これならばたびたび耳にするモデルにスカウトされたが断ったという噂も、あながち間違いではないのかもしれない。
ここにいる皆は、おそらくそんな夢原さんを見ているのだろう。
だが、俺が見てるのは、彼女じゃないんだ……
皆がそんな夢原さんに視線を注目させている中、俺はおそらくただ一人、その隣で笑顔で夢原さんの話に相槌を打つ女友達に目を向けていた。
彼女の名前は村雨(むらさめ)菊(きく)。長い黒髪に陶器のように滑らかで白い肌。表情に合わせ動く柔らかい眉を中心に、朗らかな顔立ち。その屈託のない笑顔からは純真無垢な様子が感じ取られる。まさに清楚を形にしたような女性だった。

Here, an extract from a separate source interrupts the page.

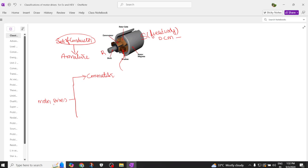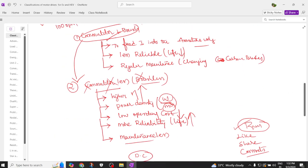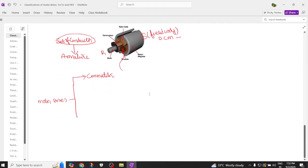This is the purpose of the commutator. We had already discussed what advantages you get if you remove the commutator: higher efficiency, higher power density, lower operating cost, more life, and less maintenance.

彼女はいつも学校一の美人と言われている夢原さんと共に行動しているため、あまり注目されてはいないのだが、しかし夢原さんと並んでも決して見劣りしておらず、むしろ夢原さんに嫉妬や嫌悪を抱かずに肩を並べて付き合える、唯一の女性と言っても良いだろう。
そして、俺が初めて廊下ですれ違った際に、ついうっかり一目惚れしてしまった相手だった。
初めて彼女を見たときの、窓から指す日光に照らされ、歩く速さに合わせてサラサラと輝く黒髪に、バラついた髪を耳にかけるその仕草。どこか遠くを見ているようで、しかし少しの濁りもないその瞳。プ二プニと弾力のありそうな美しい唇。何の混ざりっ気も感じられない前向きな笑みを、俺は未だに忘れることができなかった。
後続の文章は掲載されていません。